By Andrew Hamlin
NORTHWEST ASIAN WEEKLY
“My poems investigate,” opined Paul Tran, the Vietnamese American poet, slam poet, essayist, and educator. “I don’t believe in reductive, agreeable poems composed neatly arranged punchlines and platitudes. I don’t believe in work that reifies oppressive hierarchies or structures of power.
“I usually have a question and use the poem to dissect that question, rather than write a poem about things I already know and believe.”
Tran, coming to town as a featured poet at the Grand Slam Championship at Hale’s Ales Palladium, on April 19, identifies as gender queer, and uses “they” pronouns. Their appearance is supported by the Rain City Slam organization. They serve as Poet-in-Residence at Poet Urban Word NYC. They also work at Barnard College, Hunter College, and Columbia University, where they coach the poetry slam teams.

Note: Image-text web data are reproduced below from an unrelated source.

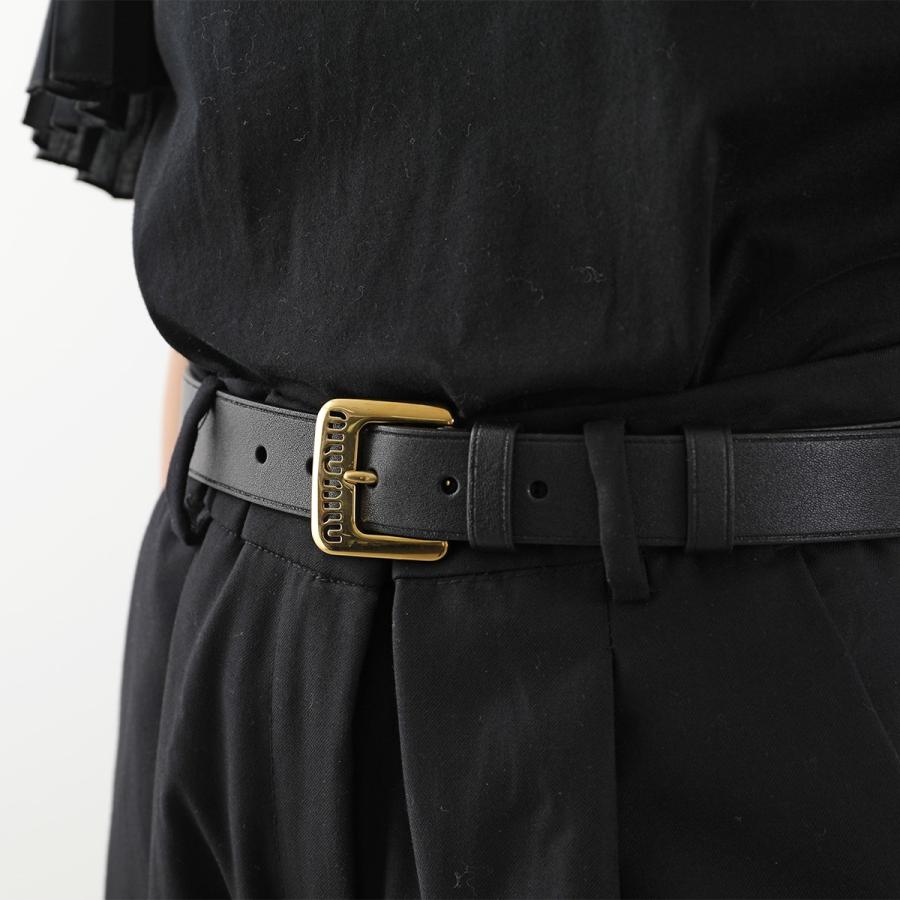 miu miu（ミュウミュウ） ベルト 5CC545 EFX レディース レザー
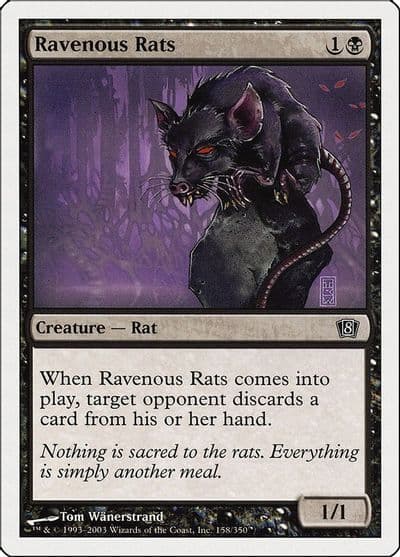 Ravenous Rats 8th Edition Magic card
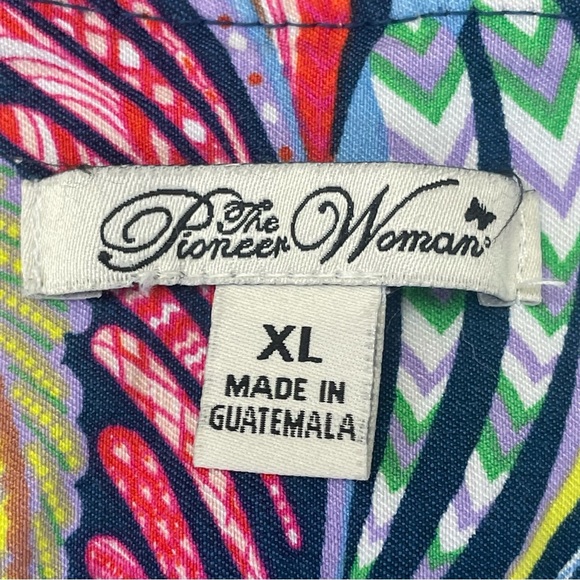 The Pioneer Woman Millennium Capri Pants XL Multicolor Pull On Stretch Floral - Picture 8 of 11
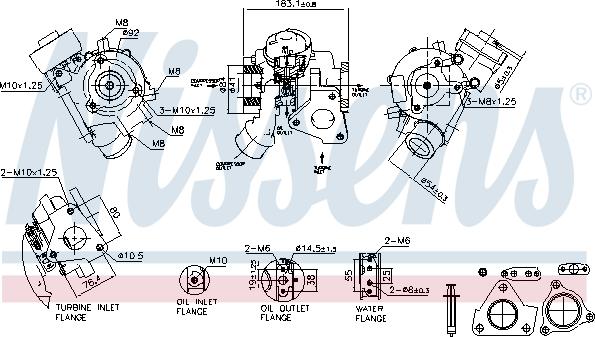 Nissens 93636 - Компресор, наддув autocars.com.ua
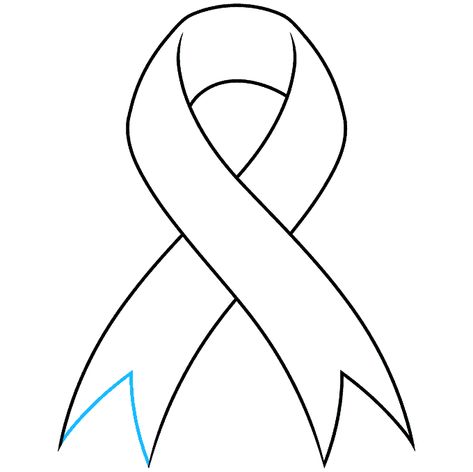 Ribbon Drawing Easy, How To Draw A Ribbon, Ribbon Outline, Mental Health Ribbon, Ribbon Drawing, Butterfly Tattoos On Arm, Pink Ribbon Awareness, Medal Ribbon, Swag Pics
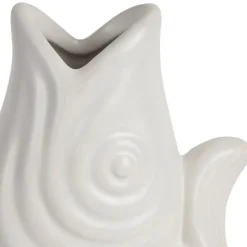 Fabrique de Styles Vases Et Soliflores*Vase poisson en grès h19.5 cm - Mer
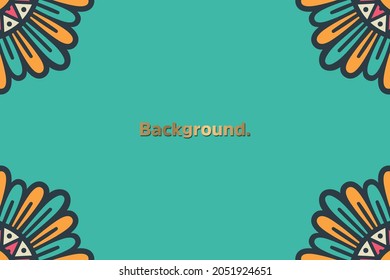 Colorful background with mandala in ethnic style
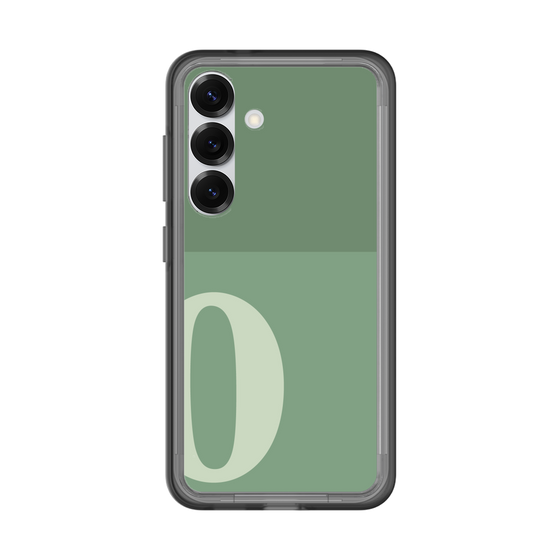 スリムプロテクションプレミアムケース［ オリジナル - initial two tone - O green ］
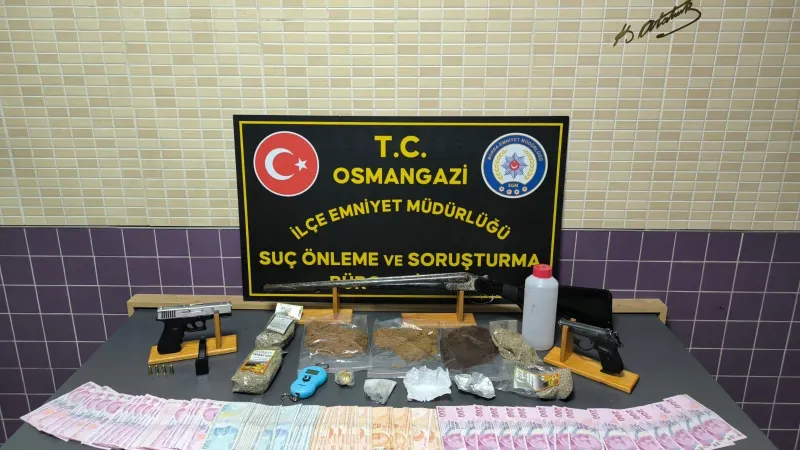 Bursa'da Uyuşturucu Operasyonu: Kimler Tutuklandı? Şok Detaylar!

The championship will feature nine competitors performing for five judges, each competing poet vying to become the lone representative of Seattle for the National Poetry Slam in Denver.
Slam poetry, developed in Chicago in 1984, by Marc “Slam Papi” Smith, is a competitive game in which poets perform poems of a given time restriction, usually 3 minutes, and are judged by five random audience members. The judges offer a score of 0 to 10, with 10 being the highest score, and the highest scoring poets advance to the next round.

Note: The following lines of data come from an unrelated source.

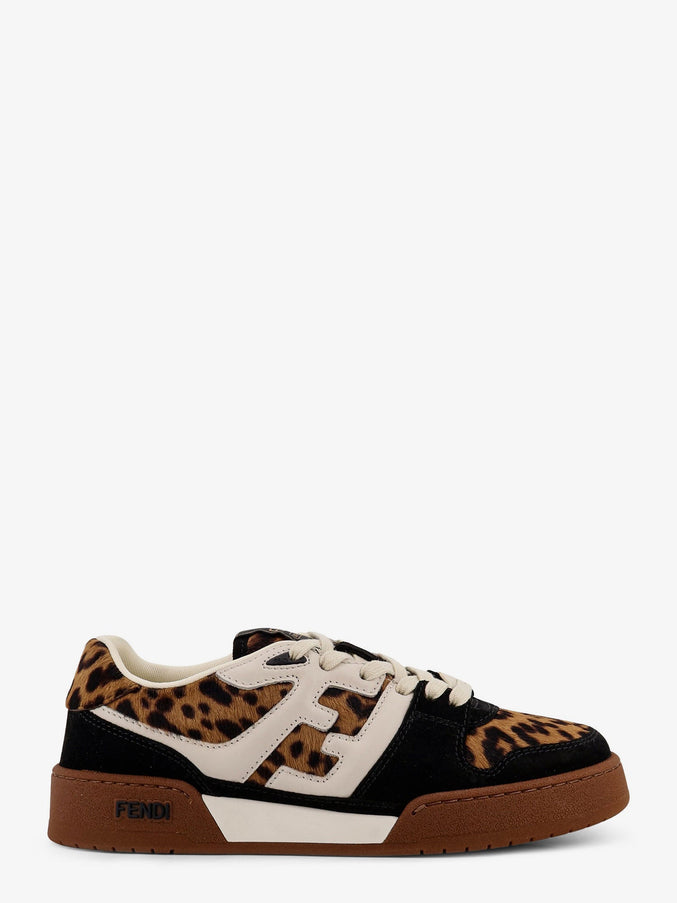 Fendi Fendi Match Suede And Pony Skin Low-Top Sneakers Nat.brown+Nero+Garza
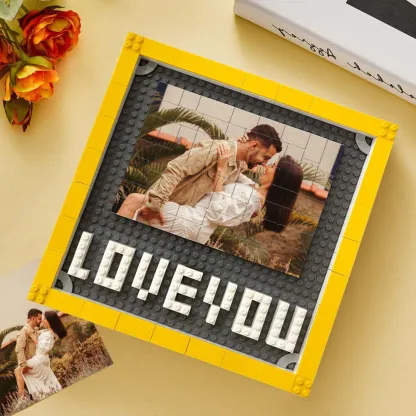 Custom Square Building Brick Photo Block Love Puzzle Brick Gift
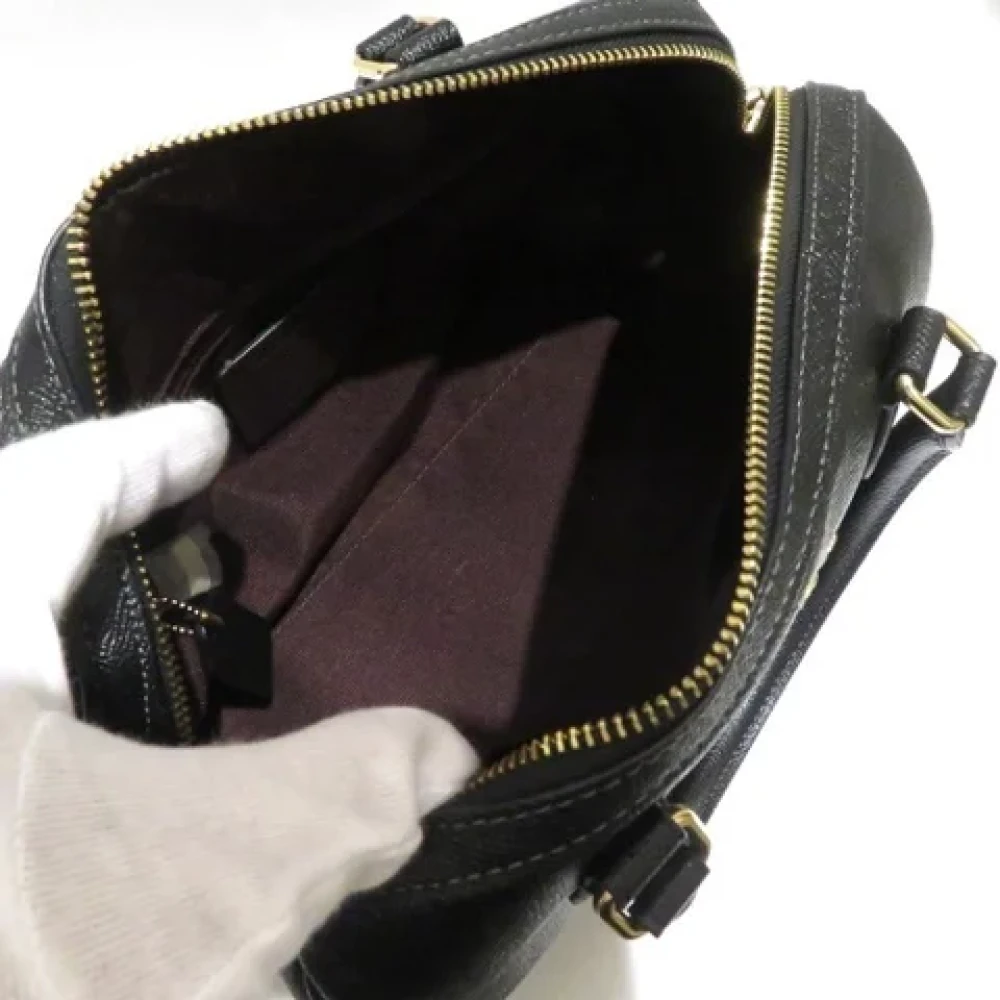 Coach Pre-owned Leather handbags Black Dames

Tran originally hails from San Diego, where they remember their single mother working to support family both in America and back in Vietnam. The neighborhood includes Vietnamese, Sudanese, Eritrean, and Mexican immigrants.
“It’s powerful,” the poet reflected, “seeing refugees, immigrants, and families of color making sense of their new lives in the United States, its tragedies and triumphs, and exacting all their human gifts in the cultivation of futures that are, as many of us hope, brighter and safer than the futures we were once conferred. I saw this each time my mother swallowed the patronizing and racist and sexist ways her customers treated her, each time I took the bus two hours to and from high school at the campus of the University of California, San Diego, whose wealth and conservatism told me I wasn’t supposed to succeed in life or that I was inadequately built for the privileges others had.”

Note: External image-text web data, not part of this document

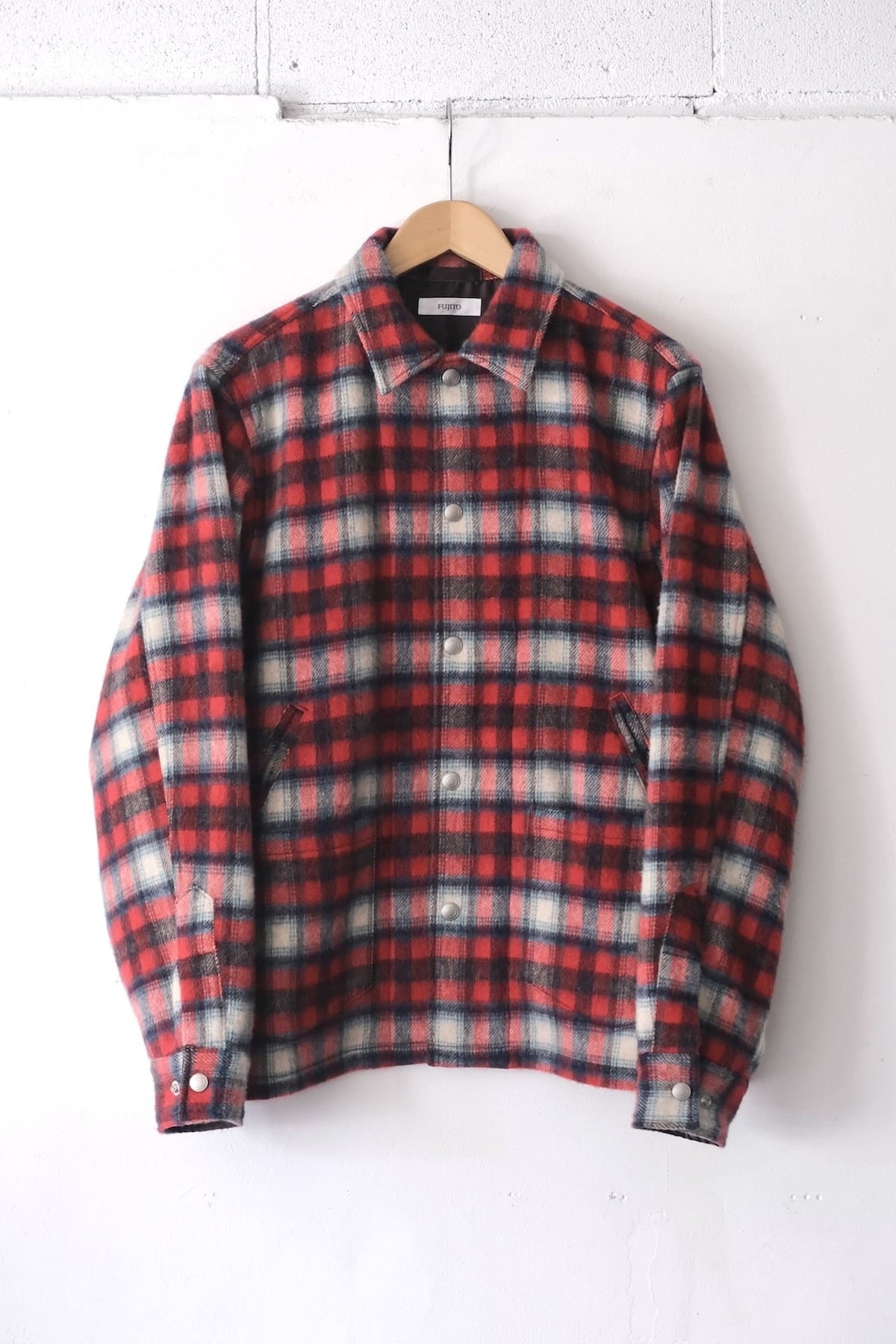 Fujito Cpo Jacket Tom Red Check Blue Check Directors Web Shop Powered By Base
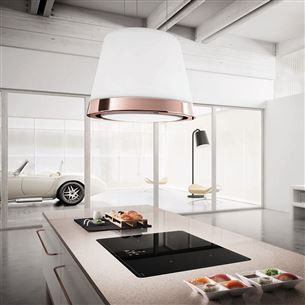 Elica Summilux, 384 m³/h, white/copper - Cooker hood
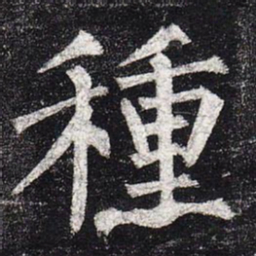 柳公权种书法图片
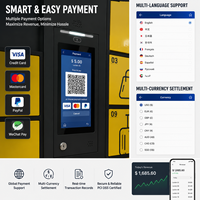Casier intelligent pour bagages pour aéroports et centres commerciaux, armoire de rangement avec paiement par code QR, système de stockage électronique sécurisé pour bagages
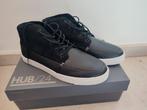 HUB leren schoen maat 45 *NIEUW*, Ophalen, Zwart, Nieuw, Sneakers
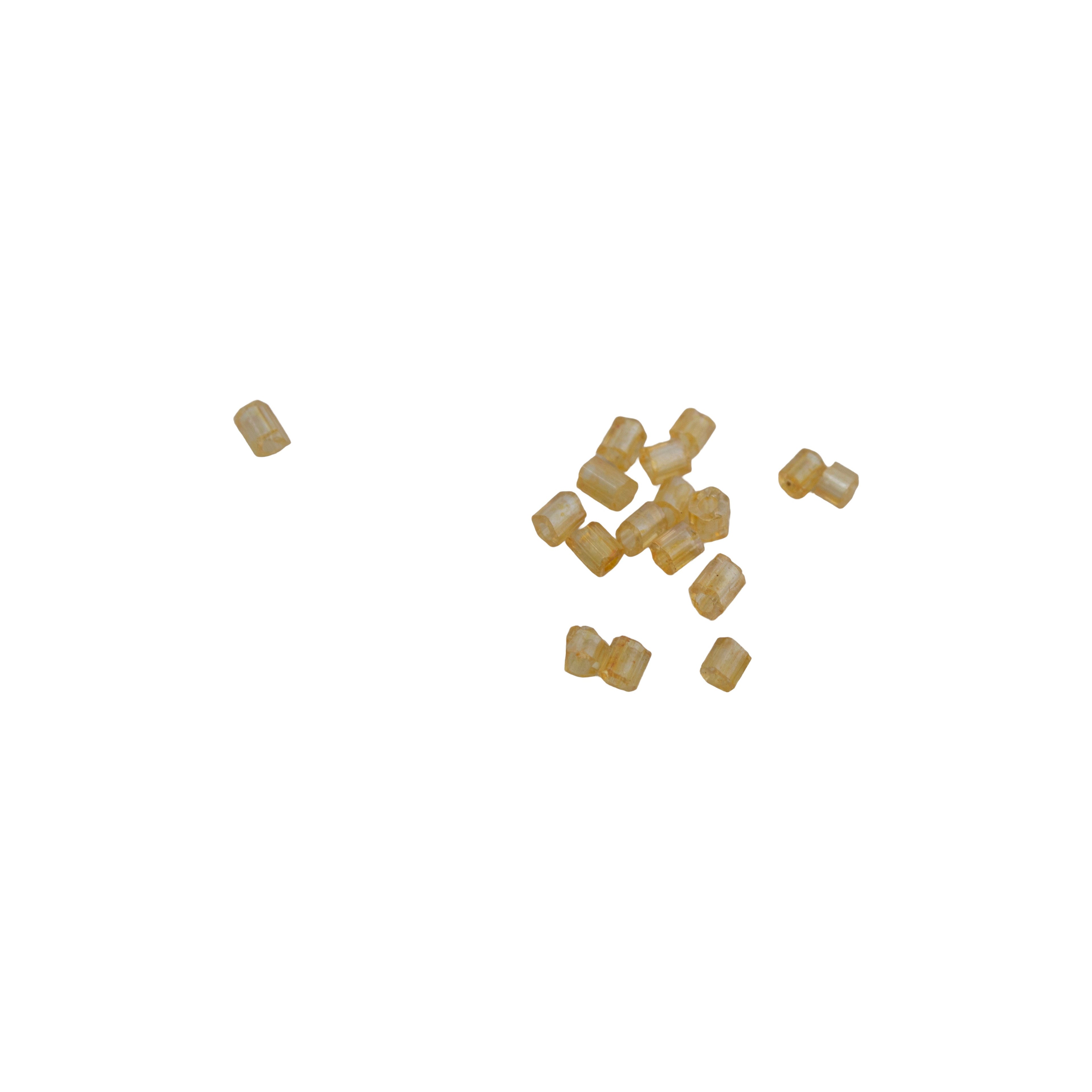 Bugle Beads Daisy yellow 3mm 30g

Tran graduated from Brown University, and credited poets such as Franny Choi, Jamila Woods, and Fatimah Asghar. Tran especially points to Choi, who “taught me much about the elegance, responsibility, and radical potential of writing.” Poetry mentors, including Cathy Linh Che and Ocean Vuong, “helped me sharpen and re-sharpen my voice, turning the prism of what I have to say until I discover the most daring way to say it.”
Asked about their distinctive approach to slam poetry, Tran mused, “Nothing I have to say hasn’t been said before, but that it’s said by me, by a person occupying the intersection of my identities and life experiences, enormously matters.
“Benedict Anderson,” Tran added, “writes that the nation state forges imagined communities through print capital that clearly determines who the nation state values and serves. By writing from the intersection of my subject positions towards those of similar marginalized backgrounds, I aim to say that our stories matter. Our lives matter.”